Memorial dedicated to Newport Docks Disaster
10:12am Wednesday 4th September 2013 in News
Rev Canon Andrew Willie, Tom Lewis, grandson of Tom Toya Lewis and Cllr David Fouweather, great grandson of Tom Toya Lewis. Mayor and mayoress of Newport, Cllr Cliff Suller and wife Christine and Edward Fouweather, great great grandson of Tom Toya Lewis
A SERVICE of dedication and thanksgiving for the Newport Docks Disaster memorial was held over a weekend at a Newport church where two plaques has been moved.
The Argus reported last month that two plaques from a memorial to the disaster in St Woolos Cemetary have been given a new home at St Mark’s Church, Newport, after a metal thief attempted to steal one.
On Sunday a service of dedication and thanksgiving to the memorial led by Reverend Cannon Andrew Willie took place at the church, with mayor and mayoress Cliff and Christine Suller present.
Councillor David Fouweather, great-grandson of Tom 'Toya' Lewis, also attended the service.
The plaques were brought to St Mark’s earlier in the summer as a measure of safeguarding and preservation by the Harbour Commissioners, who also paid for their mountining in the building.

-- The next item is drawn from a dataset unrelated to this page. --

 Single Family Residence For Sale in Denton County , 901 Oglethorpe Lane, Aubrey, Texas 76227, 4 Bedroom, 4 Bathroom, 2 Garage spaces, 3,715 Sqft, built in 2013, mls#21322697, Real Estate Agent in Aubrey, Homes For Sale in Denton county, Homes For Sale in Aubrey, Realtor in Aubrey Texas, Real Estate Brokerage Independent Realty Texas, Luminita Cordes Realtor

Plastic replicas were to be placed on the monument in the cemetery.
The Newport Docks Disaster was the worst peacetime disaster to ever occur in Newport.
It took place on July 2 1909 when the walls of a new lock collapsed, trapping or crushing scores of men.
One of the memorial plaque commemorates the 39 people who died in the Newport Docks disaster in 1909 and the other reproduces the poem ‘Soldiers of Industry’ written by W.J. Collins, who was an editor at the South Wales Argus.
Tom 'Toya' Lewis, an Argus paper seller, was presented to King Edward VII and given the Albert Medal after volunteering to be lowered into the collapsed trench.
Thanks to the boy a man was rescued without serious injury.